L'une des règles qui s'appliquent aux pitbulls est qu'ils doivent être tenus en laisse et muselés quand leur maître, majeur et capable, les promène sur la voie publique. Or, dans le cas des morsures de dimanche, le chien, dont on peut penser qu'il a échappé à la vigilance de son maître, (l'enquête dira s'il s'agit ou non de négligence, mais quatre personnes ont été placées en garde à vue lundi après-midi), errait en toute liberté et donc en toute illégalité sur la voie publique.

Le sort de l'animal, qui a été emmené à la fourrière est maintenant entre les mains des services vétérinaires qui vont apprécier sa dangerosité et peut-être conclure à la nécessité de l'euthanasier. "Cette dangerosité est établie selon une échelle qui va de 1 à 4, 4 étant le signe d'un danger immédiat", explique Valérie Dramard. Eu égard à la gravité des faits qui lui sont reprochés, "ça semble mal parti" pour ce pitbull, prédit la spécialiste.
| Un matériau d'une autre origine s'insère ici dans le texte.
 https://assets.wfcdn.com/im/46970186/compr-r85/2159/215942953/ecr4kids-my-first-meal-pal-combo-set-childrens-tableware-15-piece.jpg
Pourquoi ces chiens sont-ils si dangereux?

Le premier paramètre à prendre en compte est la force de morsure dont est capable le chien. Pour résumer, plus celui-ci est "de grande taille, musclé", plus il possède "une mâchoire courte" et "plus cette force de morsure sera grande". L'autre paramètre à prendre en compte est de savoir si le chien "garde le contrôle" de sa morsure ou non. C'est toute la différence entre un "pincement" et une "morsure grave", explique la spécialiste du comportement animal. Les chiens "pas ou mal socialisés" ainsi que ceux "dressés pour l'attaque" à qui leur entraînement leur a fait perdre "l'inhibition de la morsure", sont les plus dangereux.

Mais, nuance Valérie Dramard, hors des chiens visés par la loi, "d'autres chiens de grande taille, comme les bergers allemands, les dogues allemands, les labradors, peuvent aussi causer de graves morsures avec des dégâts très comparables".

Pourquoi alors certains molosses, les pitbulls au premier chef, sont-ils concernés par la législation et non d'autres chiens puissants? C'est simple, la "loi de 1999 était une réponse politique à certains problèmes rencontrés dans les banlieues", explique la vétérinaire. Et de rappeler que certains de ces chiens, pourtant interdits, "sont dressés pour le combat ou l'attaque".